Originally owned by a wobbly investment firm with few ties to Buffalo, the Braves eventually found a local backer in Freezer Queen founder Paul Snyder – who, by the end of the first season, had inherited a team that was neither good (penultimate league records of 22-60 in each of its first two seasons), nor easy to schedule (third-choice dates for Buffalo’s venerable Memorial Auditorium behind the also-new NHL hockey Buffalo Sabres, and Canisius Golden Griffins college basketball).
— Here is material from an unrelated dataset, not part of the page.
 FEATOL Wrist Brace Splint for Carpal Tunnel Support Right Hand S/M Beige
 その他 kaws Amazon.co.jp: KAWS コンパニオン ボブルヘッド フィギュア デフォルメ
Snyder addressed the Braves’ on-court issues by luring head coach Dr. Jack Ramsey from the Philadelphia 76ers, while drafting key players like high-scoring (and later Naismith Basketball Hall-of-Famer) Bob McAdoo, eventual NBA Rookie of the Year Ernie DiGregorio, and local (via Buffalo State) crowd favorite Randy Smith – yielding three consecutive playoff appearances from 1973-74 to 1975-76.
Off the court, Snyder looked to regionalize the team’s appeal beyond “The Aud” by scheduling select home games in places like Rochester, Syracuse and even Toronto’s Maple Leaf Gardens – and team attendance, TV ratings and revenues achieved league-average levels.
By the summer of 1976, however, Snyder was facing severe pressure to sell the team and get it out of “The City of Good Neighbors.” Of particular consternation was Canisius president Fr. James Demske, who publicly thwarted the Braves’ attempts at decent home dates – which angered the NBA enough to force the issue with Snyder.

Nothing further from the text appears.